Source data:
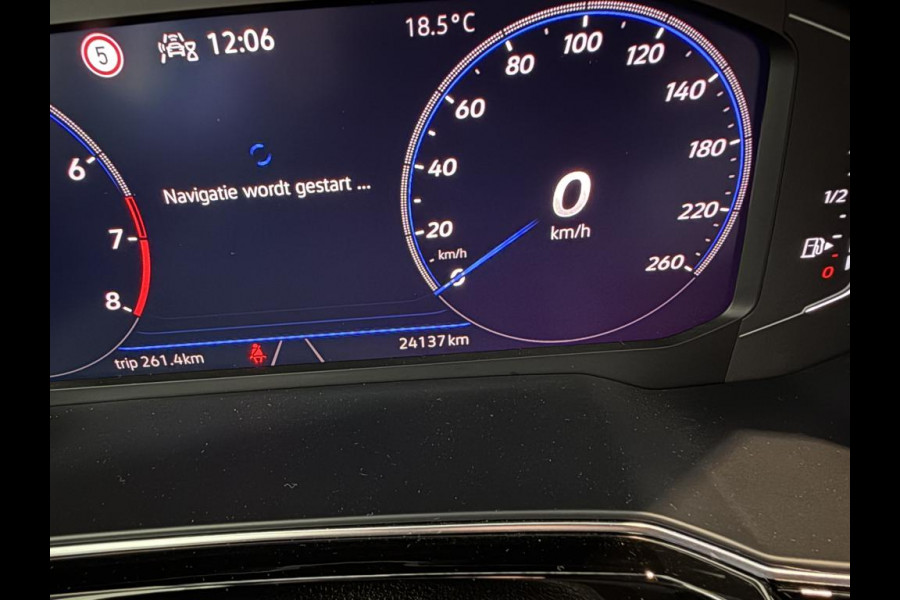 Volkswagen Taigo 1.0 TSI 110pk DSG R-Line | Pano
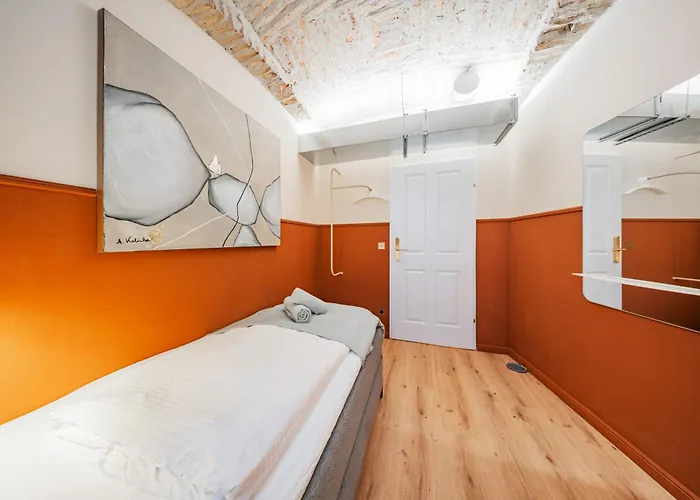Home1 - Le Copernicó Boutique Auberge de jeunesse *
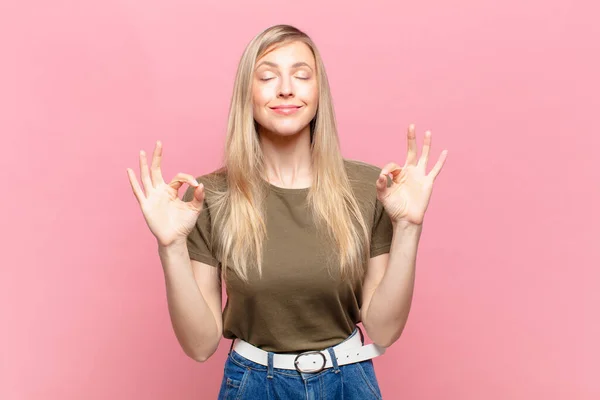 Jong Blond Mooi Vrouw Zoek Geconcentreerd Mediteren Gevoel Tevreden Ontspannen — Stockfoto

Exercise objective:
Any picture in the listing above gets left out; output the rest exactly.

Your response:
 Volkswagen Taigo 1.0 TSI 110pk DSG R-Line | Pano
Home1 - Le Copernicó Boutique Auberge de jeunesse *
 Jong Blond Mooi Vrouw Zoek Geconcentreerd Mediteren Gevoel Tevreden Ontspannen — Stockfoto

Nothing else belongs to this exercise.